I surfed a lot of questions on the board, about tcp sockets, big-endian and little-endian format but to me nothing apllies to my case.
And I'm sorry for my bad English, I'm working on it :)
I'm loosing my mind on an unexpected behaviour in a simple client-server configuration. Here's the scenario:
Server (C++) <--- TCP socket ---> Client(Java).
Here's the client code:
package NetServ.apps.bigServer.NSLPClient;
import java.io.DataInputStream;
import java.io.DataOutputStream;
import java.io.IOException;
import java.net.Socket;
import java.net.SocketException;
import java.net.UnknownHostException;
import java.nio.charset.Charset;
import java.util.ArrayList;
public class Communicator {
private Socket sock;
private final int port = 6666;
private final String address="127.0.0.1";
private DataOutputStream out;
private DataInputStream in;
public Communicator(){
System.out.println("Creating communicator.

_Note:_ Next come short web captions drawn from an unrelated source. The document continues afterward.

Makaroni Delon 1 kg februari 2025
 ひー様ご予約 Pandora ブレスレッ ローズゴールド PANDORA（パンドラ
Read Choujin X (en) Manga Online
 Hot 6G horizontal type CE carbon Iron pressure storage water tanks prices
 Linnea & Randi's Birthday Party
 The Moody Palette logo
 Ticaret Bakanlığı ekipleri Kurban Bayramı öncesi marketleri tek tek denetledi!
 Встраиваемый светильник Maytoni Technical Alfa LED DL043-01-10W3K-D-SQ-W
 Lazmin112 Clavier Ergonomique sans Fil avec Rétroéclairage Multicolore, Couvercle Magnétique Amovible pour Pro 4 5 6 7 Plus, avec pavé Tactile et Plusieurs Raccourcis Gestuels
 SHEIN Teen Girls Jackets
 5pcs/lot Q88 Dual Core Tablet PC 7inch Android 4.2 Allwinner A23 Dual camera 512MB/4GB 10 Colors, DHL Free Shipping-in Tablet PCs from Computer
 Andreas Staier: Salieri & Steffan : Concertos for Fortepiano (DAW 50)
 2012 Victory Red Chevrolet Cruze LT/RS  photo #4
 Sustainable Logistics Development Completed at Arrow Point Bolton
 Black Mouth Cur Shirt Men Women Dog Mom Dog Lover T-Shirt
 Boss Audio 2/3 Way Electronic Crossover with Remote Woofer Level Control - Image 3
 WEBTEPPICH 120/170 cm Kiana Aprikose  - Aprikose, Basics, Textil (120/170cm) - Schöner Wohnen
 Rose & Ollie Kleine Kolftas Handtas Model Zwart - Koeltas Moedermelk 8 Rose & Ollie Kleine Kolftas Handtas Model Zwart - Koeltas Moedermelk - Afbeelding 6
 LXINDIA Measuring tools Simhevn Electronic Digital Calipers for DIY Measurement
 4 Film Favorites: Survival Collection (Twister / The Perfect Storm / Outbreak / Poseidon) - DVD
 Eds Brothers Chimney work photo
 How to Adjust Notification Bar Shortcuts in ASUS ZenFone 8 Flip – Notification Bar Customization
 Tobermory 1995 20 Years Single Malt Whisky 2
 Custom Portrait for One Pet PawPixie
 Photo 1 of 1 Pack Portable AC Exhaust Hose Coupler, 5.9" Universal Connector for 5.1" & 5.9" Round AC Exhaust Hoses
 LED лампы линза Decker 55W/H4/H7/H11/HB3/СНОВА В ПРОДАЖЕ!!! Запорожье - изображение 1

Trying to bind to the tcp socket");
try {
sock = new Socket(address, port);
out=new DataOutputStream(sock.getOutputStream());
in=new DataInputStream(sock.getInputStream());
} catch (UnknownHostException e) {
System.out.println("Unable to resolv host");
e.printStackTrace();
} catch (IOException e) {
System.out.println("Generic I/O exception");
e.printStackTrace();
}
System.out.println("Communicator created");
}
public void sendRequest(Request req) throws IOException{
int cmd=0;
if(req.getCmd().equals(CommandType.tg_setup_message))
cmd=0;
if(req.getCmd().equals(CommandType.tg_remove_message))
cmd=1;
if(req.getCmd().equals(CommandType.tg_trigger_message))
cmd=2;
if(req.getCmd().equals(CommandType.tg_probe_message))
cmd=3;
byte[] buff;
Charset charset = Charset.forName("ISO-8859-1");
out.writeInt(cmd);
//out.writeUTF(req.getDstAddr().toString().substring(1));
buff = req.getDstAddr().toString().substring(1).getBytes(charset);
out.writeShort((short)buff.length);
out.write(buff, 0, buff.length);
out.writeInt(req.getProtocol());
out.writeInt(req.getSecure());
//out.writeUTF(req.getDataId());
buff = req.getDataId().getBytes(charset);
out.writeShort((short)buff.length);
out.write(buff, 0, buff.length);
//out.writeUTF(req.getUser());
buff = req.getUser().getBytes(charset);
out.writeShort((short)buff.length);
out.write(buff, 0, buff.length);
out.flush();
out.writeInt(req.getOffpath_type());
if(req.getOffpath_type()!=-1){
out.writeInt(req.getMetric_type());
String tmp = "" + req.getMetric();
//out.writeUTF(tmp);
buff = tmp.getBytes(charset);
out.writeShort((short)buff.length);
out.write(buff, 0, buff.length);
}
switch (req.getCmd()){
case tg_setup_message:
out.writeUTF(req.getUrl());
out.writeInt(req.getLifetime());
out.writeUTF(req.getParameters().toString());
break;
case tg_remove_message:
//TODO
break;
case tg_trigger_message:
//TODO
break;
case tg_probe_message:
for (Short s : req.getProbes()){
//System.out.println("Writing probe code " + s.shortValue());
out.writeShort(s.shortValue());
}
break;
}
if(req.getSignature()!=null){
out.writeInt(1);
out.writeUTF(req.getSignature());
}else{
out.writeInt(0);
}
if(req.getDep()!=null){
out.writeInt(1);
out.writeUTF(req.getDep());
}else{
out.writeInt(0);
}
if(req.getNotif()!=null){
out.writeInt(1);
out.writeUTF(req.getNotif());
}else{
out.writeInt(0);
}
if(req.getNode()!=null){
out.writeInt(1);
out.writeUTF(req.getNode());
}else{
out.writeInt(0);
}
out.flush();
//out.close();
System.out.println("request sent");
}
public ArrayList<String> rcvProbeResponse() throws IOException, SocketException{
ArrayList<String> response= new ArrayList<String>();
System.out.println("Waiting for response...");
boolean timeout=false;
int responseCode=-1;
responseCode=in.readInt();
//responseCode = in.readInt();
//System.out.println("Response code "+responseCode);
if(responseCode==1){ //response is ready! !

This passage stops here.